Opponents of wind generation say that wind turbines kill large numbers of birds, and they criticise climate activists for not being concerned about it. What is the truth of this?
I have gathered evidence in Birds and wind farms. Here is what I have learnt.
1. Wind farms do kill birds.
It’s a sad fact. Large birds, small birds, bats, sometime rare and endangered species.
2. Less birds die than is often claimed, but still more than we’d like.
Estimates range from 1 bird per turbine per year to 18. More recent figures seem to be lower.
3. Birds face much bigger problems than wind farms.
Cats, cars, buildings, power lines and hunting each cause hundreds of times more bird deaths than wind farms do. Those worried about bird deaths should logically be addressing some of these issues before worrying about wind farms.
4. Larger and rarer birds deserve special attention.
Large birds like eagles, hawks and vultures are often under greater pressure and need to be specially considered when developing new wind farms.
5. Bats can be worse affected than birds.

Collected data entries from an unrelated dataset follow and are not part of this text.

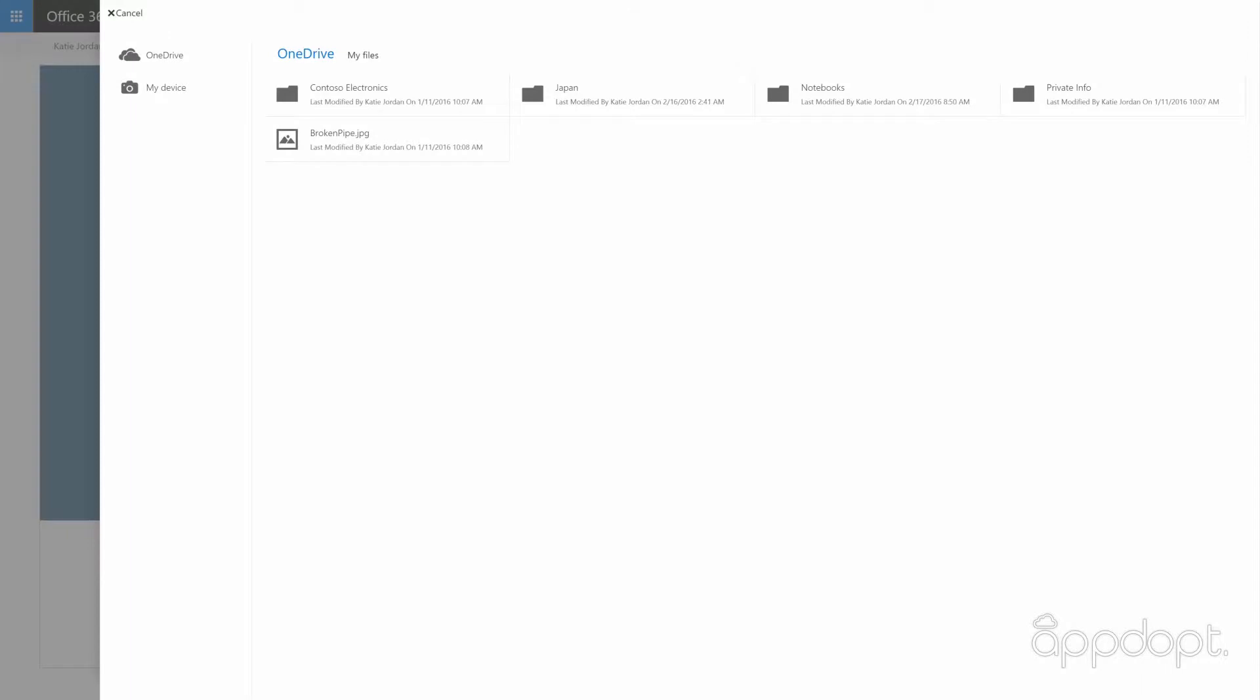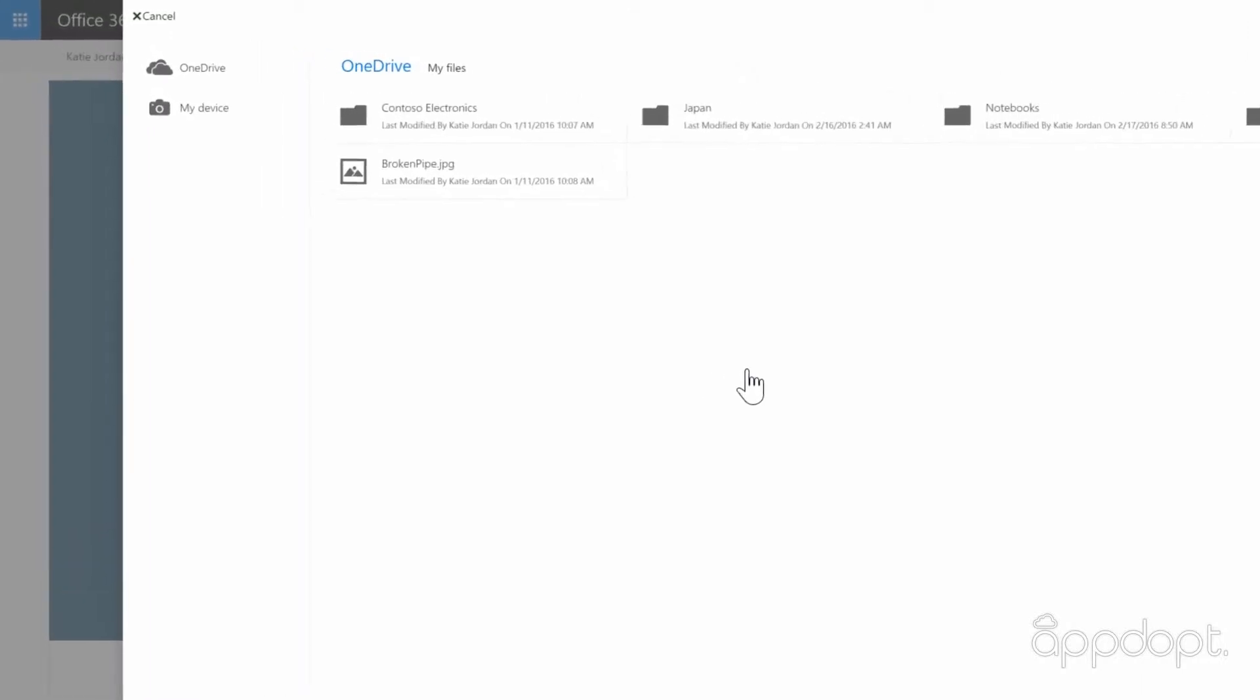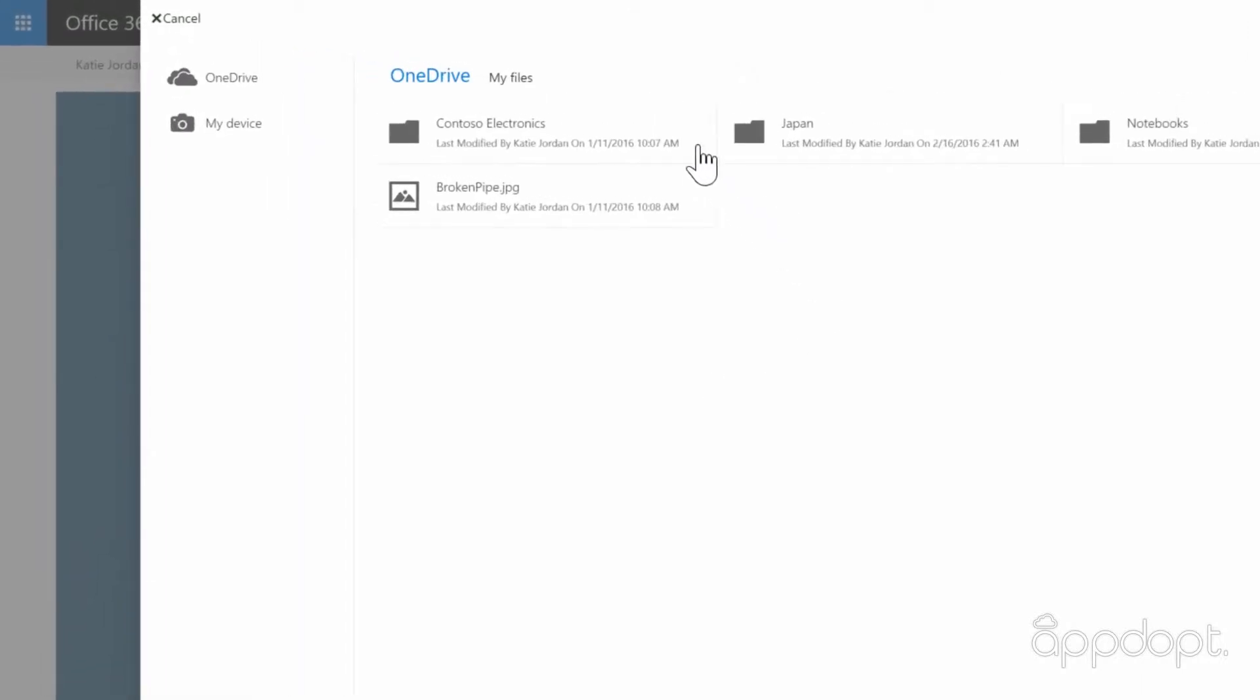Start by adding an image for your post. You can upload one from your device or you can select one from OneDrive.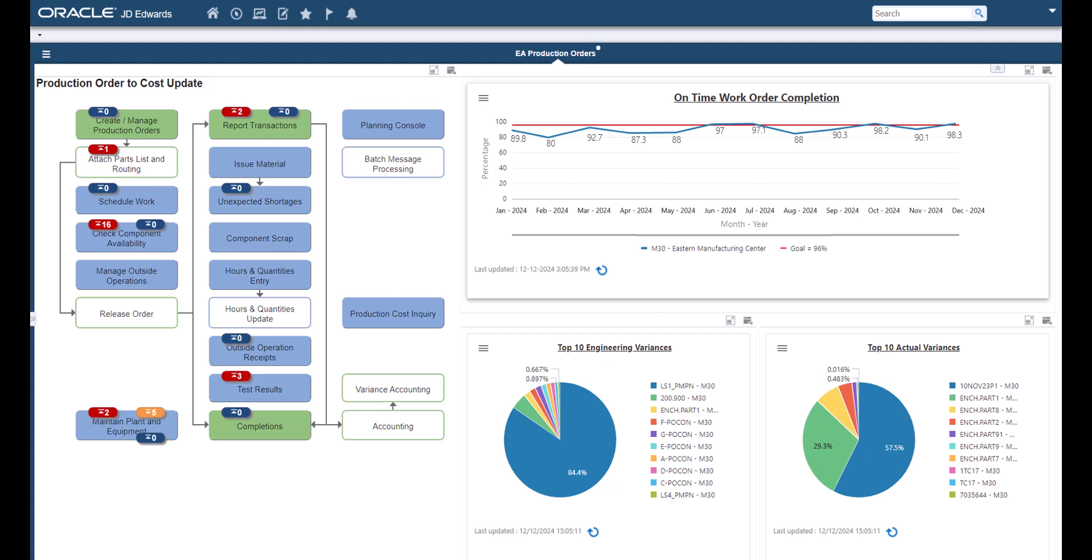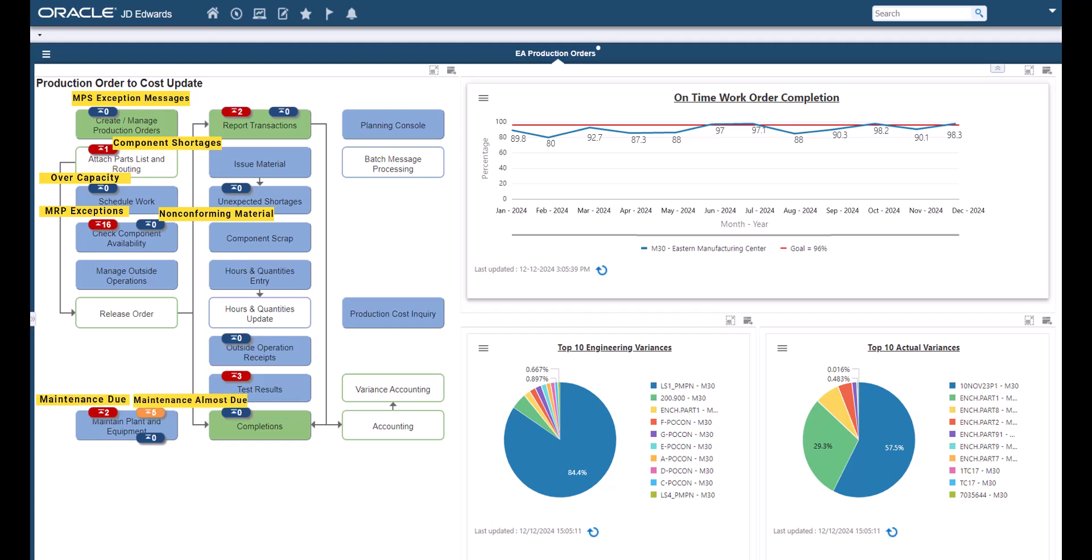The alerts include master planning schedule exceptions, component shortages, over capacity conditions, materials requirements planning exceptions, non-conforming material alert, maintenance due, almost due and condition based alerts.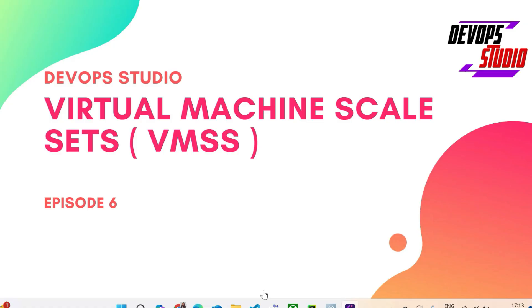Hello everyone, welcome back to this channel. Today we will talk about Virtual Machine Scale Sets which is also called as VMSS. I am Soumya Bhushan and we are learning Azure.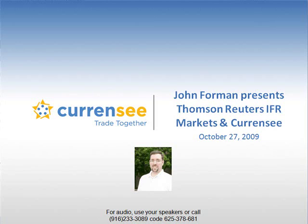Currency, the first Forex trading social network, presents a clip from a recent webinar with Forex expert and Thomson Reuters senior analyst,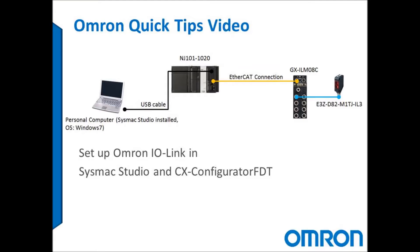Thank you for watching Omron's quick tip videos. If you have any questions or comments, please feel free to leave them below. Thank you all.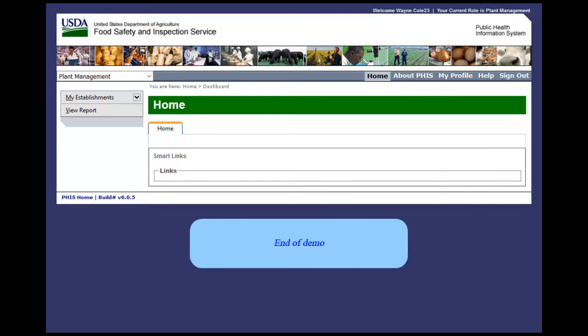This is the end of this exercise. You will now be returned to the introductory screen. Thanks for your interest in the Public Health Information System.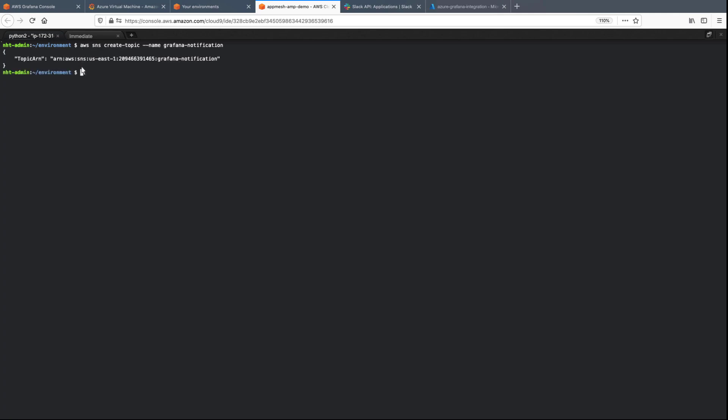Next, we'll subscribe to the topic we created. An email will be sent asking us to confirm the subscription.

While bats are not as well thought of as birds, they are important parts of the ecology. They tend to be killed in larger numbers, and so merit additional consideration.
6. There are ways to significantly reduce the impacts of wind turbines on birds (and bats).
- Be careful to site turbines away from migratory paths, and feeding and breeding areas.
- Painting one blade black can make turbines far more visible to a bird and significantly reduce mortality.
- New sensing technology can detect a large bird approaching and slow or stop the turbine, making it less likely that birds will be damaged or killed.
- Emitting high frequency sounds can deter bats from coming near turbines.
The bottom line
The consequences of unchecked climate change are far worse than the killing of birds by turbines. Wind power is a significant source of renewable energy and must be utilised.
But with future development of wind farms informed by experience and new technology, there is every reason to expect that the number of bird deaths, especially rarer larger birds, can be greatly reduced.